Отношение матери к почте в целом было довольно необычным. Когда дома был отец, работа по открыванию и сортировке писем поручалась ему, а когда его не было – мне. Счета складывались в коричневую папку-гармошку, приглашения – слева от бювара, рабочие письма – вместе с прочим рабочим материалом в центре, личные – справа. Телеграммы, конечно, вскрывались, разворачивались и передавались ей немедленно. Письма от поклонников обычно пересылались ей через студию. Те, которые каким-то образом пробивались к ней непосредственно, выбрасывали, не открывая. Дитрих никогда не заботилась о почте поклонников, пока ей не стукнуло далеко за семьдесят, когда она стала нуждаться в этих постоянных доказательствах верности, чтобы вновь увериться в себе, и тогда она пересылала их мне, чтобы и я знала наверняка, насколько всеобъемлюща любовь к ней незнакомых людей. В отношении писем матери не свойственно было чувство конфиденциальности. И это в человеке, для которого в целом конфиденциальность, защита частной жизни была очень важна, – ошеломительный парадокс! Сначала, в детстве, я думала, что она доверяет только отцу и мне, потом поняла, что она давала читать интимные письма кому угодно.

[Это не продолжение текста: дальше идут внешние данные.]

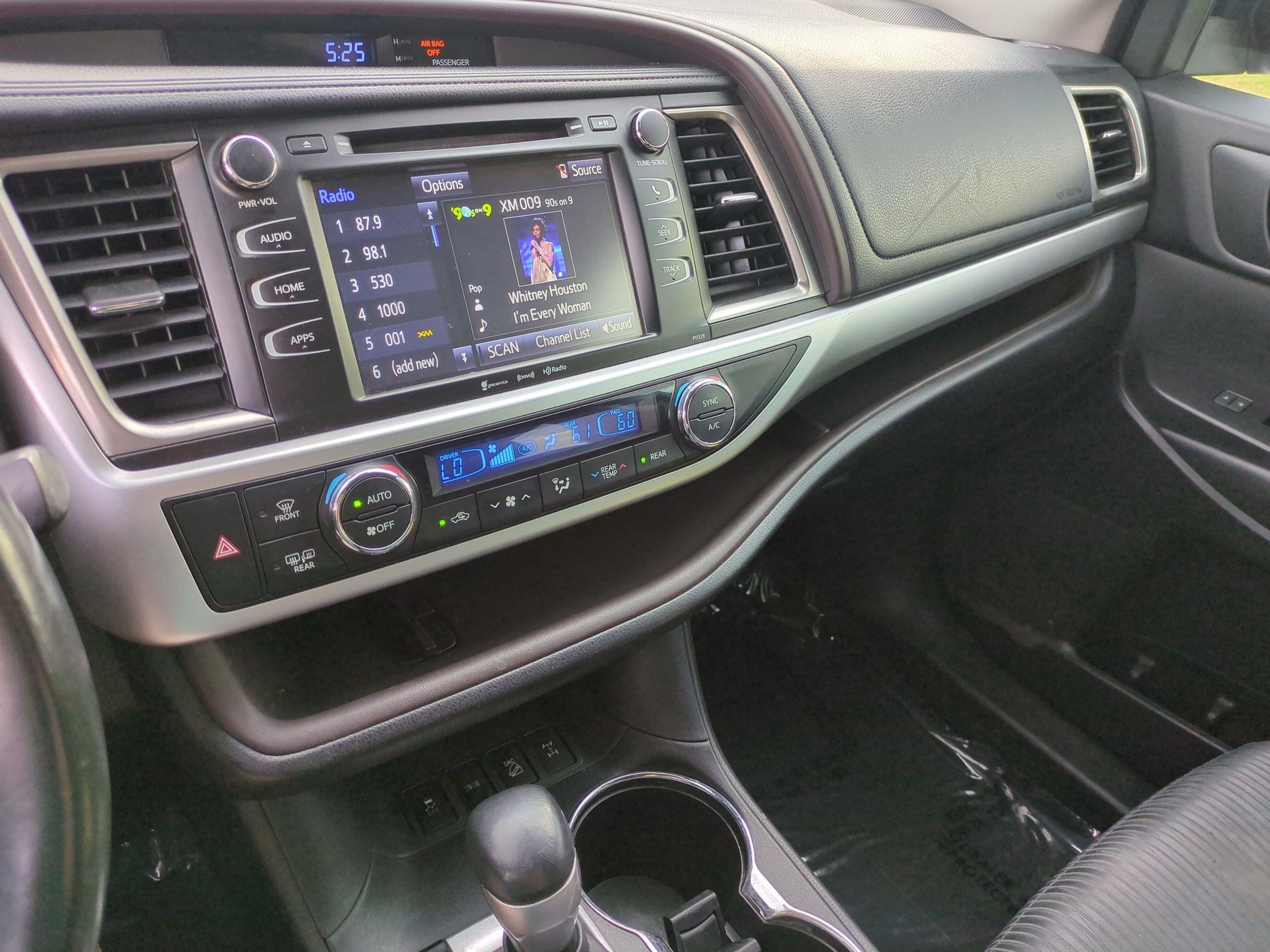 Used 2017 Toyota Highlander Plus AWD/4WD image 23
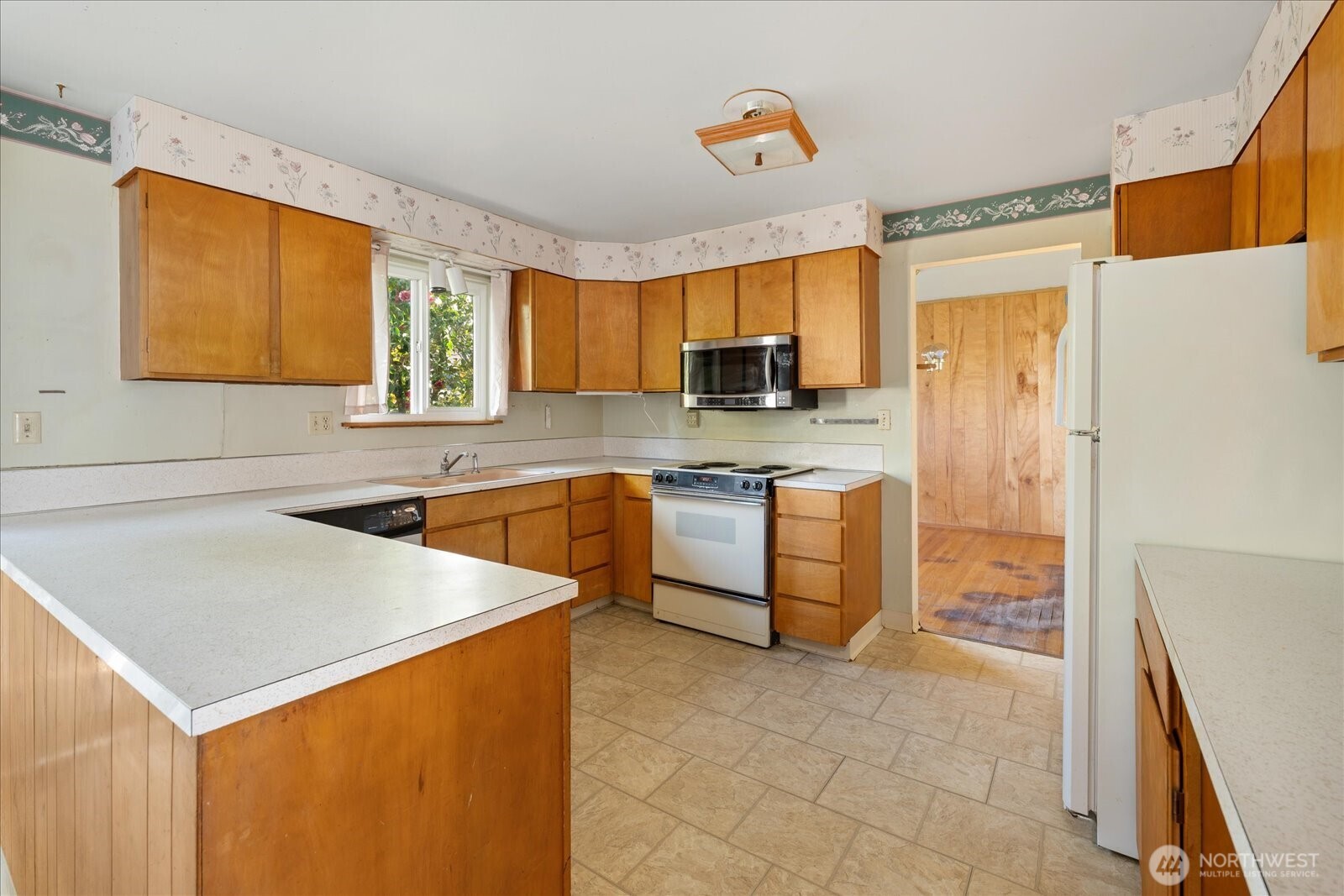 1215 S 234th Place , Des Moines, WA 98198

Позже все попытки защитить ее от шантажа превращались в непреходящий кошмар. Если кто-нибудь пытался предостеречь ее от этой беспечной привычки, на него обычно бросался холодный взгляд и ему говорилось:
– Просто смешно! Никто бы не осмелился! К тому же слуги не умеют читать! Если бы они умели, им не пришлось бы быть слугами!
Из всех своих личных писем она хранила и держала под замком только письма от самых знаменитых людей, и то скорее как спортивные трофеи, нежели как память о человеческих отношениях. Наверное, именно поэтому отец сохранял всю ее макулатуру, в то время как Дитрих хранила письма Хемингуэя и Кокто. Моя мать, находясь в процессе причисления к сонму бессмертных, инстинктивно знала, с какой стаей редких птиц ей нужно летать.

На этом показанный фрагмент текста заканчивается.